A mi regreso me causó la mayor consternación contemplar esa gran iglesia, San Pablo, convertida en una triste ruina y su bello pórtico (por su estructura comparable a cualquiera de Europa, y no hacía mucho reparado por el difunto rey) hecho pedazos, con grandes trozos de piedra partidos y desperdigados y sin nada entero excepto la inscripción del arquitrabe, que decía quién lo había construido ¡y que no tenía dañada ni una sola letra! Era asombroso ver las piedras tan inmensas que el calor había, de algún modo, calcinado, de manera que todos los adornos, columnas, frisos, capiteles y salientes de roca de Portland habían salido volando, incluso hasta el mismo techo, donde la gran capa de plomo que cubría el espacio (de no menos de seis acres) se había fundido por completo. Los escombros de la bóveda del techo, al derrumbarse, cayeron sobre St. Faith, que estaba llena de pilas de libros que los libreros habían llevado allí para ponerlos a salvo y que fueron consumidos por completo y ardieron durante toda una semana. También se observa que el plomo sobre el altar en el extremo este estaba intacto y que, entre los diversos monumentos, el cuerpo de un obispo permaneció entero. Así yacía en cenizas aquella venerabilísima iglesia, uno de los más antiguos ejemplos de piedad de los fieles en el mundo cristiano, de los que apenas quedarán un centenar. El plomo, el hierro forjado, las campanas, la plata, etc., se fundieron; la exquisitamente labrada capilla de los comerciantes de tejidos, la suntuosa Bolsa, el augusto edificio de Christ Church y todo el resto de sedes de colegios profesionales, espléndidos edificios, arcos y entradas, todo convertido en polvo; las fuentes se secaron y derrumbaron, mientras que las aguas que las alimentaban hirvieron durante una semana; los abismos de los sótanos, pozos y mazmorras, que se habían utilizado como almacenes, seguían ardiendo entre un olor nauseabundo y oscuras nubes de humo.

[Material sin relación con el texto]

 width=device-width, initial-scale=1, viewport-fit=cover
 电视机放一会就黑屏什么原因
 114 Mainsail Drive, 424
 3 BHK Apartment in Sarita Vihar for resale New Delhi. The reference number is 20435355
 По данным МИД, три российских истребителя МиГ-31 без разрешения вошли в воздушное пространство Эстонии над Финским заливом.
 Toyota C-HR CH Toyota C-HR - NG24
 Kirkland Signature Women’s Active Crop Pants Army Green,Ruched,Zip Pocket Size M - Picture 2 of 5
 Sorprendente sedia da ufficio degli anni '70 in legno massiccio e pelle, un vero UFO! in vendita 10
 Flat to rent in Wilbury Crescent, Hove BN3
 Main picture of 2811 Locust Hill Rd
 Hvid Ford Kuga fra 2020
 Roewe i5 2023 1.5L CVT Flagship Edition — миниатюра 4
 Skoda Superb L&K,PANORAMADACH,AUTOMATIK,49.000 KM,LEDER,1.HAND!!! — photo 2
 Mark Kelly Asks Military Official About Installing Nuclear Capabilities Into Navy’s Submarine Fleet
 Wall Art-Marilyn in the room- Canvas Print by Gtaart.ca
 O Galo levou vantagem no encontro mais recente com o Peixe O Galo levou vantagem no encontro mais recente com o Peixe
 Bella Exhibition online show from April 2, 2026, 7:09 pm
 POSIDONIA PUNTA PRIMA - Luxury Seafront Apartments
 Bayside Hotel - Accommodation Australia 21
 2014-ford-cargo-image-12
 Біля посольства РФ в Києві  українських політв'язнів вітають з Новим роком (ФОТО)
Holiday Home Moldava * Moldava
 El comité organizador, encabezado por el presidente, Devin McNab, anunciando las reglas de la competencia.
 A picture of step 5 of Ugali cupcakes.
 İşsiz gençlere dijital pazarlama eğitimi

Así, en cinco o seis millas de recorrido no vi ni madera que no estuviera consumida ni piedras que no hubieran sido calcinadas hasta volverse blancas como la nieve.

La gente que caminaba entre las ruinas parecía estar en algún lúgubre desierto o, mejor dicho, en alguna gran ciudad arrasada por un cruel enemigo; a ello se añadía el hedor que procedía de los cuerpos de pobres criaturas, camas y otros bienes combustibles. La estatua de sir Thomas Gresham, aunque se había caído de su nicho en la Real Bolsa, seguía entera, mientras que todas las de los reyes desde tiempos de la conquista estaban hechas añicos. También el estandarte de Cornhill y las efigies de la reina Isabel con algunas de su armas en Ludgate habían sobrevivido sin mucho perjuicio, mientras que muchas de las grandes cadenas de hierro de las calles de la City, las bisagras, las barras y las puertas de las prisiones se habían fundido o quedado reducidas a cenizas por el intenso calor. Tampoco pude pasar por ninguna de las calles estrechas, sino que hube de mantenerme en las anchas, pues el suelo y el aire, con humo y fieros vapores, seguían emanando un calor tan intenso que casi se me socarra el pelo, y los pies me dolían insufriblemente. Las callejuelas y pasajes estaban llenos de escombros, así que nadie podía orientarse con precisión si no era por las ruinas de una iglesia o edificio importante en que quedara en pie alguna torre o pináculo notables.

Luego seguí hacia Islington y Highgate, donde se podía ver a doscientas mil personas de toda clase social desperdigadas por las tierras junto a los bultos de los bienes que habían podido salvar del fuego, lamentándose de sus pérdidas. Y aunque estaban a un tris de perecer por hambre y abandono, no pedían ni un penique de caridad, lo que me pareció lo más extraordinario de cuanto hasta entonces había contemplado.